— Problem statement —
Of the entries below, restate word for word only the section that runs from the line with "New York Pizza deelt 200 gratis pizza's uit" to the line with "Grand Park Hotel", counting both ends.

— The data —
--*--

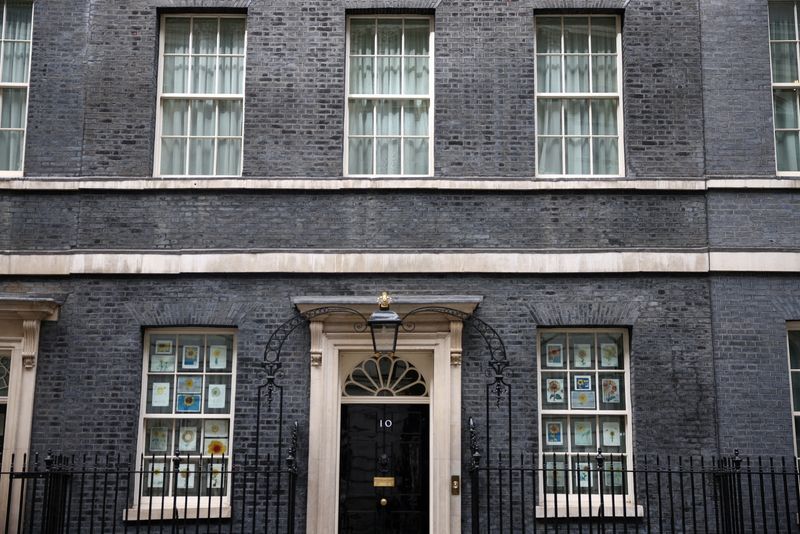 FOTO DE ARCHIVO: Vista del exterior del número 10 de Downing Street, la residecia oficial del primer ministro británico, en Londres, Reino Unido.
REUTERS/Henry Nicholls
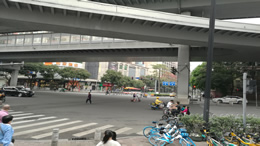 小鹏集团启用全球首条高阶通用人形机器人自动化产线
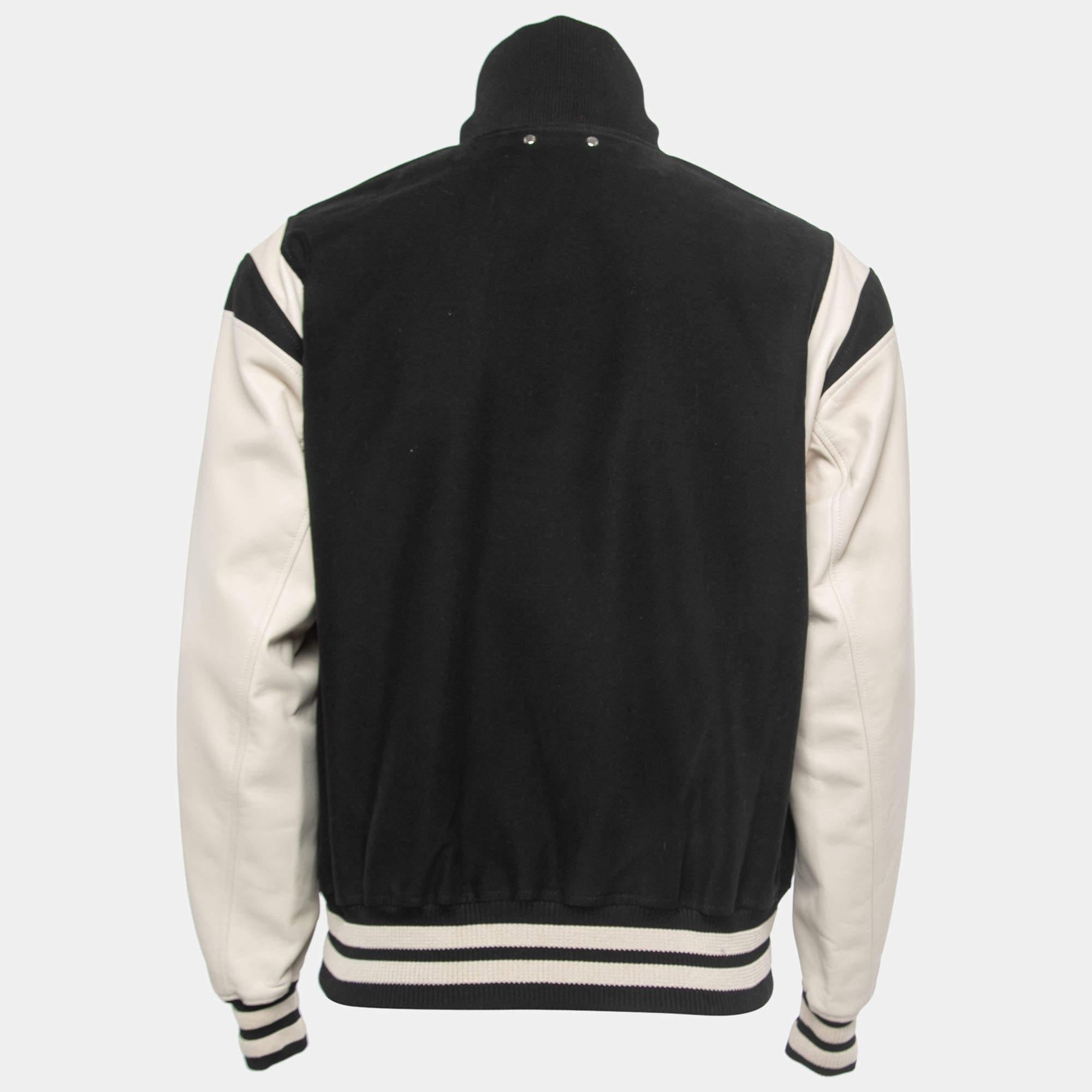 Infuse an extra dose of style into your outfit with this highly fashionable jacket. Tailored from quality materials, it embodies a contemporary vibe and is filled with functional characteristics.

--*--

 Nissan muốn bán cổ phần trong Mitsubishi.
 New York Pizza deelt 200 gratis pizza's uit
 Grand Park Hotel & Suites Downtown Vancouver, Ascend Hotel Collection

--*--

— Exercise solution —
 New York Pizza deelt 200 gratis pizza's uit
 Grand Park Hotel & Suites Downtown Vancouver, Ascend Hotel Collection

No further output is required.